- Exercise instructions
Although the listing below holds pictures, reproduce only its lines from the one containing "Luxuriously Soft Embossed" through the last, exactly and without them.

- Data
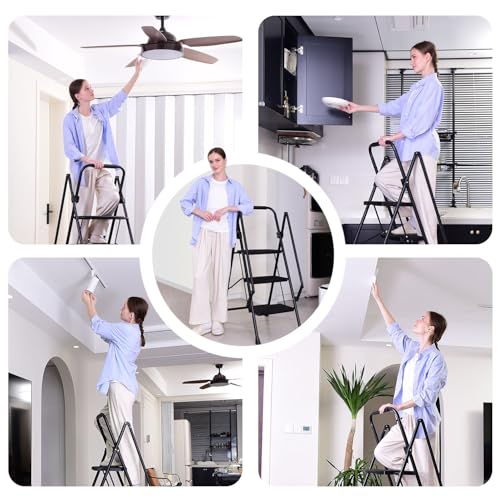 Image of 5 Step Ladder, Folding 5 Step Stool with Handrails, Sturdy Steel Ladder with Wide Pedal, Ladders for Home Kitchen Pantry Office, Lightweight Sturdy Steel Ladder for Adults Portable,Black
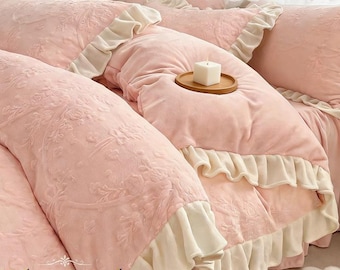 Luxuriously Soft Embossed Milk Velvet Bedding Set, Elegant Textured Duvet Cover Set, Modern Minimalist Embossed Ruffle Bedding, Cozy Bedding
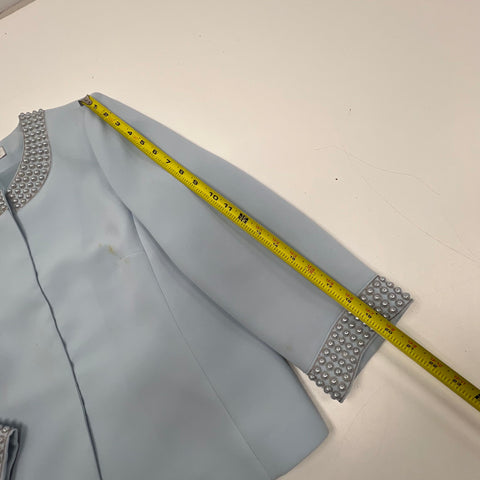Tahari Arthur S. Levine Light Blue Pearl Beaded Skirt Suit Set Women's Size 12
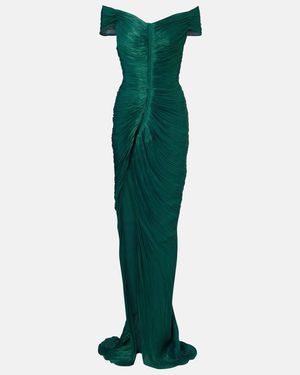 Marmar Halim Ruched Off-Shoulder Bustier Gown - Green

- Your response
 Luxuriously Soft Embossed Milk Velvet Bedding Set, Elegant Textured Duvet Cover Set, Modern Minimalist Embossed Ruffle Bedding, Cozy Bedding
Tahari Arthur S. Levine Light Blue Pearl Beaded Skirt Suit Set Women's Size 12
 Marmar Halim Ruched Off-Shoulder Bustier Gown - Green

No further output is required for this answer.